De acordo com pt.wedoany.com-A indústria brasileira de soja está entrando em um novo ciclo de expansão, e o volume de processamento doméstico de soja em 2026 deve renovar o recorde histórico. Impulsionada pela safra abundante, pelo aumento da demanda por subprodutos e pelo desenvolvimento da cadeia de biocombustíveis, o agronegócio do país está passando por uma transformação estrutural: a simples exportação do grão in natura já não é mais o centro da indústria.
A previsão mais recente da Associação Brasileira das Indústrias de Óleos Vegetais (ABIOVE) indica que o processamento doméstico de soja atingirá 62,5 milhões de toneladas este ano, estabelecendo um novo recorde no setor industrial do país. Este aumento reflete a maior capacidade de agregação de valor no Brasil, especialmente diante da crescente demanda internacional por proteína de farelo de soja e da expansão do consumo de óleo de soja no setor de biocombustíveis.
Com o aumento do processamento interno, a produção dos principais subprodutos cresce na mesma proporção.
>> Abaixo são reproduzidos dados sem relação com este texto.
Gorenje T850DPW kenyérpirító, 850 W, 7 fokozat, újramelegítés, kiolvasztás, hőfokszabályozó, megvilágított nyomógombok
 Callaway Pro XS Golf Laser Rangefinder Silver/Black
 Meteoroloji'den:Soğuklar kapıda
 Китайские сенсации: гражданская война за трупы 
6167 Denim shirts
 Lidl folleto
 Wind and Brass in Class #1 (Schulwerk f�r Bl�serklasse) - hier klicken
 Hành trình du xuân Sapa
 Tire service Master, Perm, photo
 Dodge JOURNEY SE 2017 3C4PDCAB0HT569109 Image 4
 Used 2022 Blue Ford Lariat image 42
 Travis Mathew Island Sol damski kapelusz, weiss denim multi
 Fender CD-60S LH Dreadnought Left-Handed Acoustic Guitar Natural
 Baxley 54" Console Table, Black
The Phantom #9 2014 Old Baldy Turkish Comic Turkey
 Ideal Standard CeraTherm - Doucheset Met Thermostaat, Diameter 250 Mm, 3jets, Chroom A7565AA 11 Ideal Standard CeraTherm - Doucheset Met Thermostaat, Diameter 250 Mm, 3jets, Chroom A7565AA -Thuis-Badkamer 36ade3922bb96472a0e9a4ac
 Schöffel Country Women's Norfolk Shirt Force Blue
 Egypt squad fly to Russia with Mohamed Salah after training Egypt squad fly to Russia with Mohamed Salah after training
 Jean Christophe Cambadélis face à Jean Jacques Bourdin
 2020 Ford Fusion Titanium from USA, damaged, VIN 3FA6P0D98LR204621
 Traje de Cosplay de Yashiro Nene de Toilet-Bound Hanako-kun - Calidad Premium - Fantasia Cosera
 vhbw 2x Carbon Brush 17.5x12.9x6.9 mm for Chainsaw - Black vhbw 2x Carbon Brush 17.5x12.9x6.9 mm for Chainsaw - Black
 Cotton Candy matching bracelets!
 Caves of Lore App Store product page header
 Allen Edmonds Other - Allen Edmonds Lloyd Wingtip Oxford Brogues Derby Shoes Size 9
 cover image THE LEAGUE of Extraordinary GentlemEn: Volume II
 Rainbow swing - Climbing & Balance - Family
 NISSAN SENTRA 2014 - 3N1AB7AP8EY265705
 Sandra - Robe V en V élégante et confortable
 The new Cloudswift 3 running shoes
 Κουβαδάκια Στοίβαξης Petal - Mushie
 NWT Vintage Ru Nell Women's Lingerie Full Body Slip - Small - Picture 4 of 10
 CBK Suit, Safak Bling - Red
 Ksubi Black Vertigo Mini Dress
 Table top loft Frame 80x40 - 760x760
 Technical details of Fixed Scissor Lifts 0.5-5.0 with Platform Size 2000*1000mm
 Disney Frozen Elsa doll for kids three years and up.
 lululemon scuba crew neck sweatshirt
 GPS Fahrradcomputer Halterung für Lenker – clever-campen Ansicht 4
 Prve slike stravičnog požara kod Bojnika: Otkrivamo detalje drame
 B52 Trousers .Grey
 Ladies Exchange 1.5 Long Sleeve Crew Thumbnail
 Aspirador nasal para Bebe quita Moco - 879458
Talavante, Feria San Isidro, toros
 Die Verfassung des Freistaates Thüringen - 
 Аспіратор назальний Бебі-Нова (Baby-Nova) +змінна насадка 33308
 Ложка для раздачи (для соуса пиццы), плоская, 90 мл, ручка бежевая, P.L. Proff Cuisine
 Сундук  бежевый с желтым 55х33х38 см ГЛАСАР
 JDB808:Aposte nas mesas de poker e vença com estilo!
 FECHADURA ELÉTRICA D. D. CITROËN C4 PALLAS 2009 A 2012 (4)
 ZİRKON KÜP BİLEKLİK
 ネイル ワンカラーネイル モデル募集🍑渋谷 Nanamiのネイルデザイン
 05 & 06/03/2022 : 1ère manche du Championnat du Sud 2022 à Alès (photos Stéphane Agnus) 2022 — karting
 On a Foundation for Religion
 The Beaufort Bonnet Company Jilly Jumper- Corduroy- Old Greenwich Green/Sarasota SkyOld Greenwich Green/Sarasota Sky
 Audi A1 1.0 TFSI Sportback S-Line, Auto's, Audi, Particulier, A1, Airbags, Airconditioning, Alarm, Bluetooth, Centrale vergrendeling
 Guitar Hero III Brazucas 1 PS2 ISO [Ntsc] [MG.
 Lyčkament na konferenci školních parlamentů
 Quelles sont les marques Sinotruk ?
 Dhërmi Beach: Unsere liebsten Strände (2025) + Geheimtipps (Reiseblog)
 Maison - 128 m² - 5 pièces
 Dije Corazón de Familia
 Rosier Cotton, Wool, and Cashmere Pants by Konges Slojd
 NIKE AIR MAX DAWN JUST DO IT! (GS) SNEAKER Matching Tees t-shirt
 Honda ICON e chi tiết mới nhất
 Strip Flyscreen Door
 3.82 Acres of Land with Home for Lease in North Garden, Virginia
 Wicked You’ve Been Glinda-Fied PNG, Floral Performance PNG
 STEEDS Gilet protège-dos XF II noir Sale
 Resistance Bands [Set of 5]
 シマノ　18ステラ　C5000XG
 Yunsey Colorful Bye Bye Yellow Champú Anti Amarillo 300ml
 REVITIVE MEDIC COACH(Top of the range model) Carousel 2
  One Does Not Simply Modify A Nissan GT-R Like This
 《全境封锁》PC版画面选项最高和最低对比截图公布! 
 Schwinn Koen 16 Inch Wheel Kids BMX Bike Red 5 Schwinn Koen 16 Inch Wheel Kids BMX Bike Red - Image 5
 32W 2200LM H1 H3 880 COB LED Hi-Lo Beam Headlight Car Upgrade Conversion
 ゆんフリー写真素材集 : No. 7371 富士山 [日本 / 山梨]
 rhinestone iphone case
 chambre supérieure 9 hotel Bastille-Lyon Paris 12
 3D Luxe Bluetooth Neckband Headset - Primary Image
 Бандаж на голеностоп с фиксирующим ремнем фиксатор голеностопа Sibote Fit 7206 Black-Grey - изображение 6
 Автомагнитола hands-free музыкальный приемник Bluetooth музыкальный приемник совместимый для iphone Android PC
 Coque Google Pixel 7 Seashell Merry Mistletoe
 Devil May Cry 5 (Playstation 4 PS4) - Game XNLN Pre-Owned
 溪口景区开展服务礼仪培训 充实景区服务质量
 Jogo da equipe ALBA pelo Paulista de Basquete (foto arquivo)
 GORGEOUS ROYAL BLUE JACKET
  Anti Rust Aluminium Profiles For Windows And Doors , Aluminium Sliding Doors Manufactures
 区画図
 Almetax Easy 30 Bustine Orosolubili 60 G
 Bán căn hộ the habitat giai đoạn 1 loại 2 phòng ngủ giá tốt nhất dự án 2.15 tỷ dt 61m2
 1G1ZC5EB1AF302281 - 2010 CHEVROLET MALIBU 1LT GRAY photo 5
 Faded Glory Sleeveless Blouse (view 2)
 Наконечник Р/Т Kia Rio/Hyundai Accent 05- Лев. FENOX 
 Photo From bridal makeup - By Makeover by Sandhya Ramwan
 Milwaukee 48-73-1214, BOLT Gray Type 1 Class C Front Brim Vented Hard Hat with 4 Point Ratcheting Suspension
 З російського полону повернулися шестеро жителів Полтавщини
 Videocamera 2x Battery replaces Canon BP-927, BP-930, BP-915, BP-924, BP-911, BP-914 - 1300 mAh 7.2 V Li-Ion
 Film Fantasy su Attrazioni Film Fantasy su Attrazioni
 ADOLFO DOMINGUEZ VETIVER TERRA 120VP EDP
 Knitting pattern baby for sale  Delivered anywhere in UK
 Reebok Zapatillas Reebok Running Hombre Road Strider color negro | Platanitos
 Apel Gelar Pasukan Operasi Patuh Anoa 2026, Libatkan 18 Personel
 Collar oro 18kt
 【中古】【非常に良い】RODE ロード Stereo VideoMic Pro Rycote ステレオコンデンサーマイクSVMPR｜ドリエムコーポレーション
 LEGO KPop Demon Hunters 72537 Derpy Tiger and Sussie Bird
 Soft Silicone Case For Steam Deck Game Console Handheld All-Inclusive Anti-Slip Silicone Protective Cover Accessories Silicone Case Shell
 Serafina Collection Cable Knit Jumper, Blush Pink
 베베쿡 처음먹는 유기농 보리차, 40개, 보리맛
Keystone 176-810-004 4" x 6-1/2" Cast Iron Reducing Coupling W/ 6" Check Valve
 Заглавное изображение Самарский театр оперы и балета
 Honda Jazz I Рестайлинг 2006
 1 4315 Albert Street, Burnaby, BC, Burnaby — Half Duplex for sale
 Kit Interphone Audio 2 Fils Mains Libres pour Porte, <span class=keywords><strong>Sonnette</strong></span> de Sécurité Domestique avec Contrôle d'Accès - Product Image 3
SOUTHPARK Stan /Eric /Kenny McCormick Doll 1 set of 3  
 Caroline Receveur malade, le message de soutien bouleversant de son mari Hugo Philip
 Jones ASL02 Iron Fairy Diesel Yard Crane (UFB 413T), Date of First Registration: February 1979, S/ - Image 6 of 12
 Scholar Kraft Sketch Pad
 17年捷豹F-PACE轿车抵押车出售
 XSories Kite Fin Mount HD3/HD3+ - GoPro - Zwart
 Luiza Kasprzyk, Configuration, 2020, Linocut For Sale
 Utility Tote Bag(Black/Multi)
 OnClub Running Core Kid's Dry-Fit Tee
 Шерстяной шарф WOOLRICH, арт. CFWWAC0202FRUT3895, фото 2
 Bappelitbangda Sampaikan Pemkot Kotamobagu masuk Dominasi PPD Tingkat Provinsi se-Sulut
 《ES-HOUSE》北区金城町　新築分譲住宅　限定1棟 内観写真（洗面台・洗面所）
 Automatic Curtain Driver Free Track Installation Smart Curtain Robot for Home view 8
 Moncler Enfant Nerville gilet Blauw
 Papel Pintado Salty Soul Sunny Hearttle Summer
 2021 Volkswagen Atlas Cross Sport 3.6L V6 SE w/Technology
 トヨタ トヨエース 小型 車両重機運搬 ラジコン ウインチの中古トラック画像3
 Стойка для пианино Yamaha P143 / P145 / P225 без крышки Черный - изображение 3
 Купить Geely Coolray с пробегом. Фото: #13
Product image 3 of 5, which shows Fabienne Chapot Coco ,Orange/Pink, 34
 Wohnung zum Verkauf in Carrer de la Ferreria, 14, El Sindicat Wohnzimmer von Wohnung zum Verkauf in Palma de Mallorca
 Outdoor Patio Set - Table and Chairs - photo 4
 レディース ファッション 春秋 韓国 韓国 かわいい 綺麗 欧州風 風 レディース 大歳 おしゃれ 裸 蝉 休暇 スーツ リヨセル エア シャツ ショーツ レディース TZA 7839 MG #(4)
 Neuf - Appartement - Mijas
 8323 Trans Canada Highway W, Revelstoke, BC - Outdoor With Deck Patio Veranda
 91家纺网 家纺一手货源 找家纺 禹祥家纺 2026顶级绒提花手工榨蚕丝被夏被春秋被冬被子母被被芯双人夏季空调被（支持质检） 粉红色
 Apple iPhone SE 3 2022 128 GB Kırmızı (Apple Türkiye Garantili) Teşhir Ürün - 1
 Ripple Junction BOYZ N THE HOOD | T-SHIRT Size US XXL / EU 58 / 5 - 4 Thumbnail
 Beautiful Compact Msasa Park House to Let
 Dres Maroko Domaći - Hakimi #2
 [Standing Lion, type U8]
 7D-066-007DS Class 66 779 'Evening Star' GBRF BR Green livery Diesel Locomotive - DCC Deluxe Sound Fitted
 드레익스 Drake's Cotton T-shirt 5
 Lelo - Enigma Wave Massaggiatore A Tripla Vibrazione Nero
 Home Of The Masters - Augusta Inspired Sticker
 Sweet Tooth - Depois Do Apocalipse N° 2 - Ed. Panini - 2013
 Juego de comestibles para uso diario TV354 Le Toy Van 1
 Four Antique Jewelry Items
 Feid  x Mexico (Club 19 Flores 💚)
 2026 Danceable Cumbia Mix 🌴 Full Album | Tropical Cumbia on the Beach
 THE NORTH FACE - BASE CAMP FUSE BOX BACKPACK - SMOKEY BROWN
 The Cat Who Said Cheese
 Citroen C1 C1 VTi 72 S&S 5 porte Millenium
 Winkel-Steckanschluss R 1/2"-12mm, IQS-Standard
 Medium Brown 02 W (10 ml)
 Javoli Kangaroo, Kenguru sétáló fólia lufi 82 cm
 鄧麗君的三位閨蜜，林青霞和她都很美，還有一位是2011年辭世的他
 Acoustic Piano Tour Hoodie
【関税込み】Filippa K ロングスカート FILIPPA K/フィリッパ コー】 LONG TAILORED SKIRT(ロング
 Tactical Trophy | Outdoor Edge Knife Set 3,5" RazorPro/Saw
A ABIOVE projeta uma produção de 48,1 milhões de toneladas de farelo de soja e 12,55 milhões de toneladas de óleo de soja em 2026. De acordo com dados da Companhia Nacional de Abastecimento (Conab) citados pela associação, a produção nacional de soja está estimada em 180,13 milhões de toneladas.
Apesar do avanço da industrialização doméstica, o Brasil manterá sua posição como o maior fornecedor global de soja. As exportações do grão devem alcançar 114,1 milhões de toneladas. Em relação aos subprodutos, as exportações de farelo de soja estão projetadas em 24,8 milhões de toneladas e as de óleo de soja em 1,6 milhão de toneladas.
A ABIOVE afirma que este cenário comprova a maturidade da indústria de processamento brasileira. "A atualização dos dados reforça a maturidade e a resiliência da indústria brasileira, cujo crescimento consistente no processamento reflete o esforço do setor em agregar valor à produção agrícola nacional, com estabilidade e eficiência técnica", destacou a associação em seu relatório.
Segundo a ABIOVE, a expansão da atividade industrial é estratégica para diferentes setores da economia. "Esse dinamismo industrial é fundamental para garantir previsibilidade ao mercado, fortalecer o abastecimento alimentar e impulsionar a transição energética do país." Os dados operacionais do primeiro trimestre já mostram sinais de aceleração da atividade industrial. Em março de 2026, o processamento de soja atingiu 4,995 milhões de toneladas, um aumento de 25,8% em relação a fevereiro e de 5,9% na comparação com março de 2025 (considerando o ajuste amostral). No acumulado do ano até março, o processamento foi de 12,84 milhões de toneladas, alta de 9,8% em relação ao mesmo período do ano anterior. Essa tendência ocorre em um contexto de fortalecimento da demanda global por proteína vegetal, ampliação da produção de biodiesel e aumento da competitividade da soja brasileira frente a outros grandes exportadores.
Especialistas avaliam que o aumento do processamento marca uma mudança significativa na lógica do agronegócio brasileiro. Ao expandir a industrialização doméstica, o Brasil reduz a dependência da exportação de matéria-prima bruta e fortalece as cadeias ligadas à alimentação animal, energia renovável e agregação de valor industrial. O crescimento do processamento não é apenas um recorde estatístico, mas revela uma nova fase para a indústria da soja no Brasil: cada vez mais integrada à indústria, aos biocombustíveis e às estratégias globais de segurança alimentar e energética.